Kiera Cass is a woman with open arms. Open eyes. Open mouth. (And I mean that as a compliment. Open mouths lead to all kinds of good things: understanding, song, the eating of peanut butter M&Ms.) Unlike certain writers I know, she appears genuinely to appreciate the existence of other human beings, specifically young ones.
In the hour or so that she chatted with a smattering of folks at her hometown library on Tuesday, Kiera had kind words to say about the gazillion people she’s encountered in her career as a writer. However, the one (nameless) person about which she did NOT have nice things to say was a young adult writer she met who hated young adults.
Kiera may have been too polite to ask the obvious question—“WHY IN THE HECK ARE YOU WRITING FOR TEENS?”—but it’s a question worth asking.
It’s one I’ve had to ask myself of late. Not because I’m a hater; I happen to adore teenagers and all their energy and intelligence and worry and wildness. The question is one I need to ask myself for the simple reason that I am also writing for teens. So really, why am I doing it?
When I was myself a young adult, I wasn’t exposed to a lot in the teen lit genre. I went straight from Ella Fannie’s Elephant Joke Book to Chronicles of Narnia to Kurt Vonnegut. Oh yeah, I cried me good over some Judy Bloom at some point in between, but that was about it.

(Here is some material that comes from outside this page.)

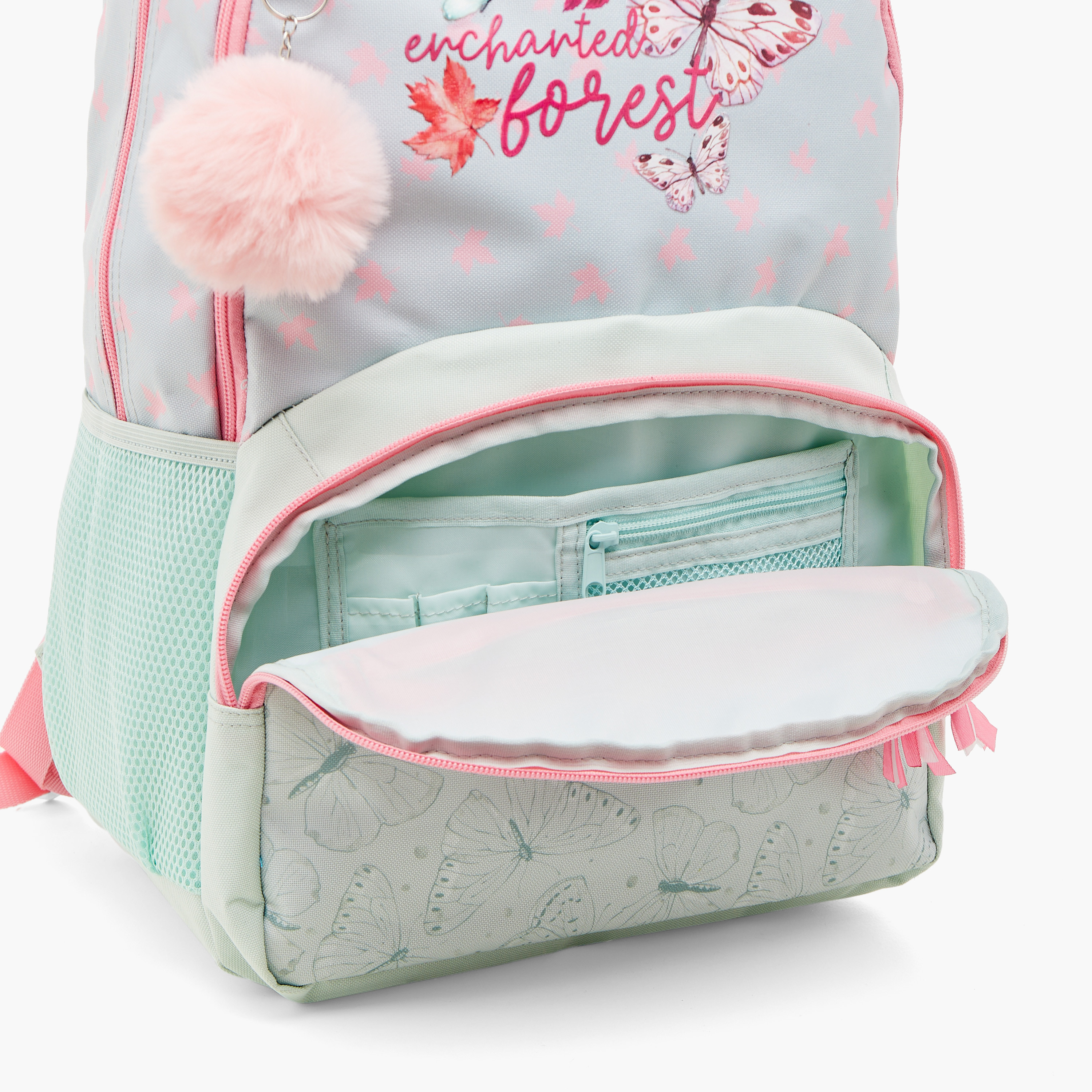 شنطة ظهر 18 بوصة بحمّالات كتف قابلة للتعديل وطبعات فراشة من ورل رود - 33x46x17 سم-school-bagsandbackpacks-backpacks-image-7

Thus, as a young writer, it never occurred to me to write for young people specifically. I didn’t know people DID that. (And at that time, not so many of them did.) Plus, I just wanted to play with language and make up tiny stories and think about true things. Translation: I became a poet. And in good poet fashion, I spent years and years writing lyric observations of the sky that were ignored by everyone and everything, including the sky.
Then I had an idea that was not a poem and was not a tiny story and was not “great literature.” It was fun and light and entertaining (or at least it entertained me). Around the same time I was teaching a class on the American bestseller, and a whole slew of college freshmen started telling me about their favorite books. I started reading the books they were excited about, which were in this new (to me) genre called “young adult.” As a writer, the notion that authors could write books for young people—not for snooty intellectual-types—was quite frankly a revelation.

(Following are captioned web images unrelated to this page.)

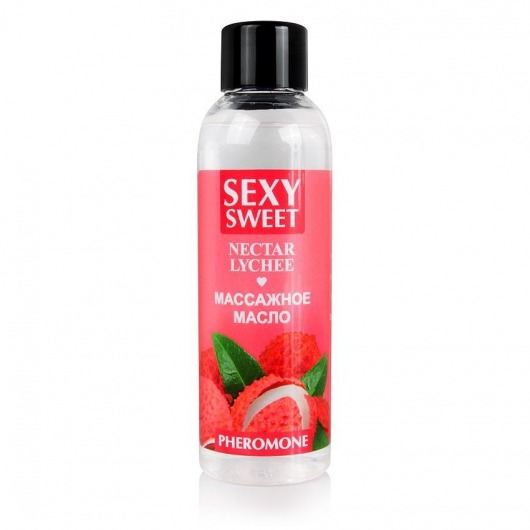 Массажное масло Sexy Sweet Nectar Lychee с феромонами и ароматом личи - 75 мл. - Биоритм - купить с доставкой в Самаре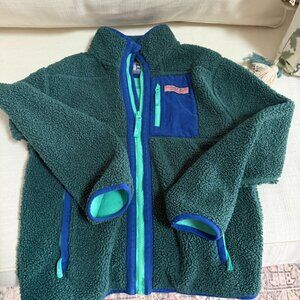 Vineyard Vines Youth Large Kids Fleece Full Zip Green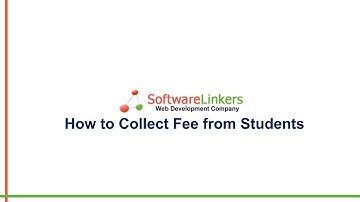 How to Collect Fee in the SoftwareLinkers School Management Software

Suddenly, writing the big bad novel was not so scary anymore. I just needed to focus on the idea of telling an entertaining story and let the rest take care of itself. I didn’t have to impress Kurt Vonnegut or the people who read Kurt Vonnegut. I didn’t even have to impress the people who kept books by Kurt Vonnegut unopened on their bedside tables. I simply had to please myself and my imagined audience. (Oh yes, and my co-writer, the astounding Madelyn Rosenberg… but more about her in a future blog.)
This experience of writing a YA novel has opened a sort of floodgate of possibilities for me. When I was in high school, I may have had the soul of a crusty 80-year-old fisherman… but now, as I have gone forward into life, I think my soul may be aging in reverse order.
I’m not quite sure I could say, like Kiera Cass, that it’s seventeen.
My soul is a little more gawky and hopeful and clueless than that.
Closer, I think, to sixteen.
** FOOTNOTE: Just want to add that I do not intend to dis Kurt Vonnegut in any way. He is one of my faves. And he had some great stuff to say about the writing process, too.